In the beginning of October, 2010 I was invited to a gathering just outside of Orangeville, Ontario known as “Headwaters Gathering”. The gathering is described on their website as “A network and community from southern Ontario and beyond. We come together to share skills that keep us rooted in the natural rhythms of nature and giving back to the land that supports us”. I have met some of the presenters previously and decided it would be a great weekend out.
The location was a little tricky to find, but there were some signs on the side of the road which said “Headwaters” which helped things significantly.
A long driveway took me up a hill to a small home and what looked like a pack of dogs standing around. A small sign directed me to parking in a large, grass field. There were quite a few people there.
Exiting the car with my husky Luka, I was immediately greeted by a few bystanders. I walked over to the large barn and examined the surroundings. Luka went over to make some new friends with the dogs which were running around enjoying themselves.
Perched on the top of the Niagara Escarpment, this rural property overlooked the entire valley below and an outline of Toronto could be seen far in the distance. It was tranquil, with no outside sounds. The crackling of the fire could be head behind me.
A young gentleman introduced himself and led me on a brief tour of the area, and showed me where the campsite was for the gathering. I chose a spot and set-up my tent.
Returning to the gathering spot, I was met by some fantastic and friendly people. Luka had the time of her life socialising with all her new doggie friends, and exploring the area.
I attended seminars from topics ranging from creating a fire without a match, to learning how birds broadcast forest news, even a mushroom hike showing me what are the best mushrooms to eat.
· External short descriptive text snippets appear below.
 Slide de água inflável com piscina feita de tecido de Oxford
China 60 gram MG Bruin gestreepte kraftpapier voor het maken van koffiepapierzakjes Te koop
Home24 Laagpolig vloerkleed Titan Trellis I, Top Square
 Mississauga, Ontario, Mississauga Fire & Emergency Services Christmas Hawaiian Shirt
The entire weekend was a learning and growing experience.
There were many people there who were living their lives close to nature, and completely “off-grid” or without any modern conveniences. They lived solely off the land in teepees, mud homes, and lean-tos. Some made their clothes out of buckskin from animals they killed themselves. There were many barefooters there who believed that by going barefoot, you are connecting with nature. Others believed that home schooling their children was advantageous to the conventional school system.
Saturday evening brought forth an amasing feast. The pot-luck which was attended by most of the participants included such things as chick pea salads, rice and bear fat, and organic shish kabobs. There were fresh cut green beans, fresh wild salmon, and even a bag of straight pretzels. I haven’t eaten that well in many moons.
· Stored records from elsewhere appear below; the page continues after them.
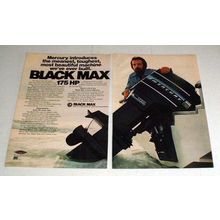 1975 Mercury Black Max Outboard Motor Ad - Toughest!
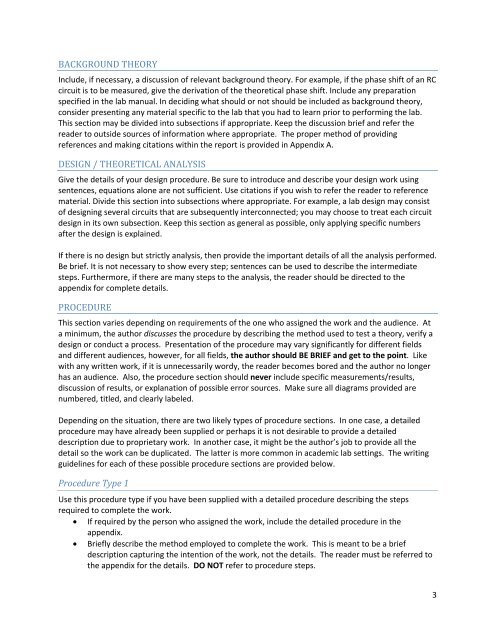 Technical writing style example image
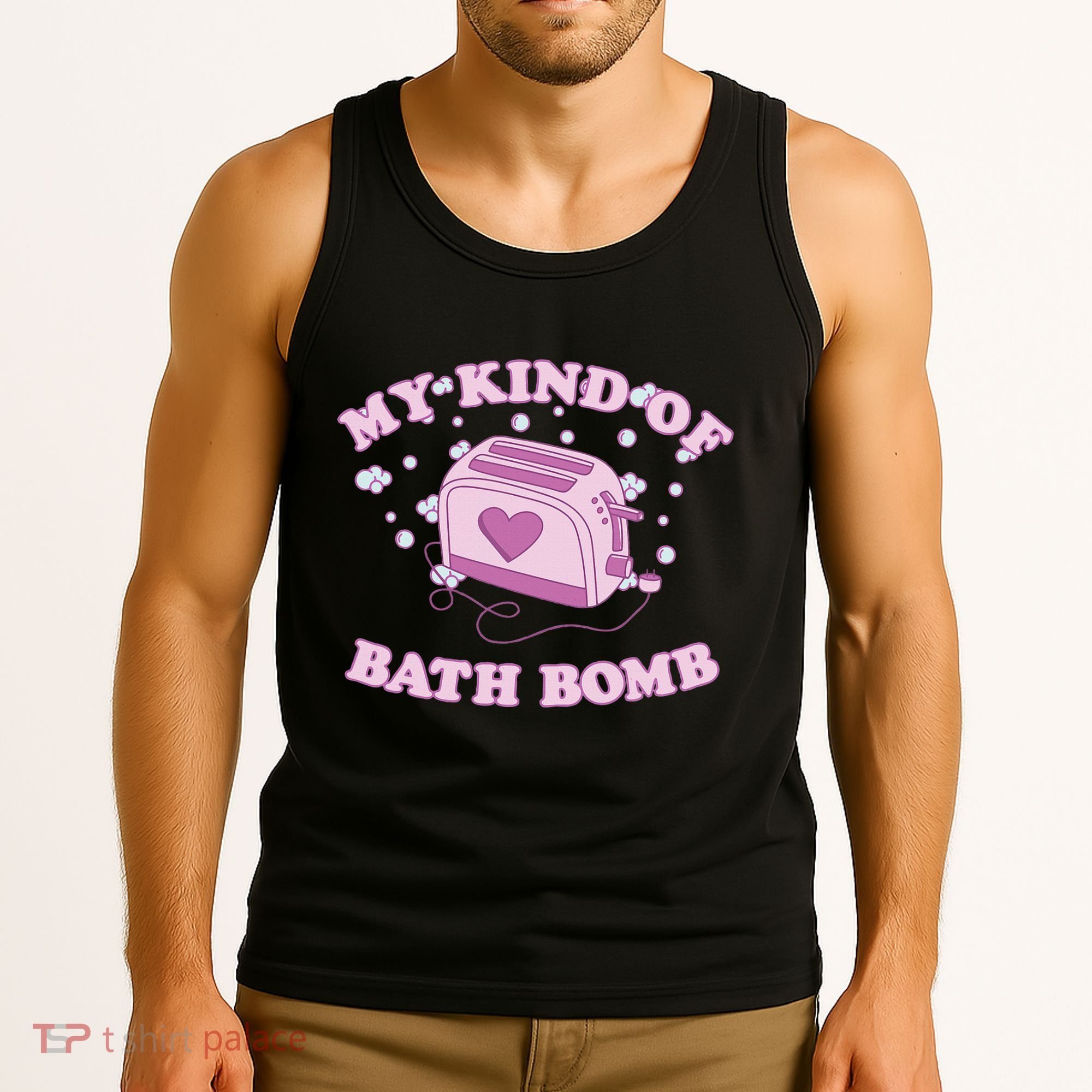 Nu Goth Dark Humour Goth Aesthetic My Kind Of Bath Bomb Tank Top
The evening brought a swap with things like knife sharpening services, and craft projects to singing. It was a spectacular way to spend an evening with everyone. Sadly, I was only able to stay for two of the three days.
There was no prejudice, name-calling, competitiveness, or any other unwanted behaviour. Everyone came together as a community to learn, grow, and network.
The kinship with the people of Headwaters I felt could only be explained as a gathering of the community. A community which is wide and varied, but plays an important part to a new consciousness rising in society. A consciousness of Earth-minded people living with a deep rooted spirituality, devoted to the glory of nature.